The movie keeps you on the edge of your seat, focused intently on what’s happening. Otherwise, it would be easy to get lost. Structured like an intricate maze, Inception takes the viewer through interlocking sets of dream realities. (Ellen Page’s character, The Architect, who designs mazes for dream worlds, is named after Greek mythology’s Ariadne.) At the beginning, the movie messes with you, throws you off balance until all the rules are laid bare. They are soon made clear. (Nolan’s recent citation of Last Year at Marienbad is misleading; the cuts from space to space are linear, in their own way.)
Pay attention, and you can keep track of the complex machinations of Nolan’s Dream Team, led by Leonardo DiCaprio as Dom Cobb, The Extractor, with able support from Marion Cotillard as his wife Mal, Joseph Gordon-Levitt as The Point Man and Tom Hardy as The Forger, as well as Nolan regulars Cillian Murphy, Michael Caine and Ken Watanabe.
Cobb creates dreamscapes that can be shared—with the help of psychotropic drugs and sedatives—by groups of subjects who fill in their own experiences, images, and secrets. Cobb is an expert at extracting those secrets, usually in pursuit of industrial espionage. His problem, soon sussed out by brilliant newcomer Ariadne, is that he has buried things deep in his subconscious—mainly his wife Mal—that keep intruding on his ability to pull off this last job, which requires not extraction but inception: planting the seed of an idea. Not only his own safety but those of his team are at stake. Those arresting images of scenes flying apart involve a dream that is collapsing. Yes, getting killed in a dream wakes you up, but get lost in one of the deep-level dream slumbers and your mind may never emerge intact.

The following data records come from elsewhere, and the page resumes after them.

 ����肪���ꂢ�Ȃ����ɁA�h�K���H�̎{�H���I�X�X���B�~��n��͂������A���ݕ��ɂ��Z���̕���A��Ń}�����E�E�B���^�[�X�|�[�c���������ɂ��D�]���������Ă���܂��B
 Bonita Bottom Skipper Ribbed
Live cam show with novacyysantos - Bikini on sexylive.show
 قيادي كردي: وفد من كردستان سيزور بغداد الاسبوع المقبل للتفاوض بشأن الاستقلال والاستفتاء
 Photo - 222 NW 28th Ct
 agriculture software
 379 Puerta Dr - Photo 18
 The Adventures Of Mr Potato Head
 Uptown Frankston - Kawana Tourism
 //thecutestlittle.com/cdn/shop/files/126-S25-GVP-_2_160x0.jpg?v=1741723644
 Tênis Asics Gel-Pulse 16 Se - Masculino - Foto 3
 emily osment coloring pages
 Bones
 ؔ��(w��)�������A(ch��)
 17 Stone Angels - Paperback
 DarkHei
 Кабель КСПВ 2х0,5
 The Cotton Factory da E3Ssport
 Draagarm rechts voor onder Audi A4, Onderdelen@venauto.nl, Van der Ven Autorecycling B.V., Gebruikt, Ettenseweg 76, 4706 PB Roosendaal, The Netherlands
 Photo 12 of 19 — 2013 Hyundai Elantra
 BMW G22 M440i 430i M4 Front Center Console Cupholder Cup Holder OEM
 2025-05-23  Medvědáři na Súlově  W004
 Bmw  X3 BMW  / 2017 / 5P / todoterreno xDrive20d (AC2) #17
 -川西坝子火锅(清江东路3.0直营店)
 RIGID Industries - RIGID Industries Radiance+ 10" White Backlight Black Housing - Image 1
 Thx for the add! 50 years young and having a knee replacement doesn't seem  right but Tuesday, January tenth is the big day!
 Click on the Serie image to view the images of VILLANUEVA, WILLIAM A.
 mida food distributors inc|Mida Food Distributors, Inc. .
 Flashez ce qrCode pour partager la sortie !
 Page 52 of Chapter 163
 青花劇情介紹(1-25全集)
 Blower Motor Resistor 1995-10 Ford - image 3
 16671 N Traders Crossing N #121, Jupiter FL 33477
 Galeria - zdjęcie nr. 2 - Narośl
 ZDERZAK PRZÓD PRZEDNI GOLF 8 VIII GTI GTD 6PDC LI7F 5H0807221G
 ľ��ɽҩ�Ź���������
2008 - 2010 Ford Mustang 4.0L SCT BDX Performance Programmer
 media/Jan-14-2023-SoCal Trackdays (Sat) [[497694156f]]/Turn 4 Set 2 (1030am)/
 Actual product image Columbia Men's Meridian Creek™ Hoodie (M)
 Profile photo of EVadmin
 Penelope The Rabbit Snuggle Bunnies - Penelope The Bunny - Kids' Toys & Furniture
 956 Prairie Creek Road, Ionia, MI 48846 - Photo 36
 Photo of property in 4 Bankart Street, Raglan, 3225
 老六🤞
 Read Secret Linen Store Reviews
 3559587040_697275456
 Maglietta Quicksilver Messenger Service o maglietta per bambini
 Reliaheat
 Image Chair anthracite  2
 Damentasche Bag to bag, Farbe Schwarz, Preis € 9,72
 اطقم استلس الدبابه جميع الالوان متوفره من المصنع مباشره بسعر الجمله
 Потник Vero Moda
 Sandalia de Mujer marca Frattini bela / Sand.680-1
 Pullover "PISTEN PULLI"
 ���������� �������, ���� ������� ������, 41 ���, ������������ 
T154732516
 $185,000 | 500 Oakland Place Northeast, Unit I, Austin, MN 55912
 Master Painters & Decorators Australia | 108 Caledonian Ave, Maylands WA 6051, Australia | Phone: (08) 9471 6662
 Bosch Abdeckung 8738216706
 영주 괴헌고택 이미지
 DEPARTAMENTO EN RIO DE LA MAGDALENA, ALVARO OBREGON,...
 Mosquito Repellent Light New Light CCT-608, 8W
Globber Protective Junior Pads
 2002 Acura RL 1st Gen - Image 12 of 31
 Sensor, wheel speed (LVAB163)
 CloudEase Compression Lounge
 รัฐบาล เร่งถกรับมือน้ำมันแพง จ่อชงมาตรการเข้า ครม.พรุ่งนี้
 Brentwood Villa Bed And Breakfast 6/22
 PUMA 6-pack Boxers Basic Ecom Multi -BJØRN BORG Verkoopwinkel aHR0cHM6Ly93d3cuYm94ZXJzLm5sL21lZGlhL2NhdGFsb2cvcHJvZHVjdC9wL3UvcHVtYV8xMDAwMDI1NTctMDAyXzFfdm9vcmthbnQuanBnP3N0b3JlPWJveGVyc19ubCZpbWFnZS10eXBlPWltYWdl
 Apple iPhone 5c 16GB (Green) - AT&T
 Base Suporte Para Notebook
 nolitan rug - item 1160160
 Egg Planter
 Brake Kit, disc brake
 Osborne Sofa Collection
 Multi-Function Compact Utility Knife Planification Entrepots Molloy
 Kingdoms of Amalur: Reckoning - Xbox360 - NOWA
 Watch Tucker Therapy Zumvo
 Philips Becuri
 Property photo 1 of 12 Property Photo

As intricate as the script is—Nolan worked on it for a decade—the movie is not just a feat of cinematic wizardry, even though it comes close to the level of technological derring-do carried off by the likes of Stanley Kubrick. (Indeed Nolan works in repeated homages to the late great auteur beyond the obvious use of moving sets on gimbles to allow athletic Gordon-Levitt to bounce weightless and walk on walls and ceilings.) The movie also has heart. So that even if you do get confused (as I did in the James Bond snow section, filmed in the Canadian Rockies), the emotional through-line pulls you along. It’s as simple as The Wizard of Oz: The Extractor wants to go home.
This emotional motivation for Cobb—who much like his conflicted family man in Shutter Island, is haunted by images of his beloved Mal and two toddlers—helps to render him more sympathetic. Beyond a taut suspense thriller, Inception is also a moving love story. Composer Hans Zimmer effectively colors the score with varying emotional mood swings (although I question the Edith Piaf reference to Cotillard’s Oscar-winning performance in La Vie En Rose).
Nolan and his production team traveled to exotic locations around the world, from Tokyo, where Watanabe’s corporate executive is based, and Paris, to Tangiers and giant sound stages in England and Los Angeles. The scene when Cobb teaches protege Ariadne to bend reality is stunning, as are the reveals of each successive dreamscape, where anything can happen. Inception not only references the “levels” of complex video gameplay, but also functions as a metaphor for the creative process of moviemaking itself: as The Forger tells The Point Man, as he summons up a huge blaster, “You mustn’t be afraid to dream a little bigger, darling.”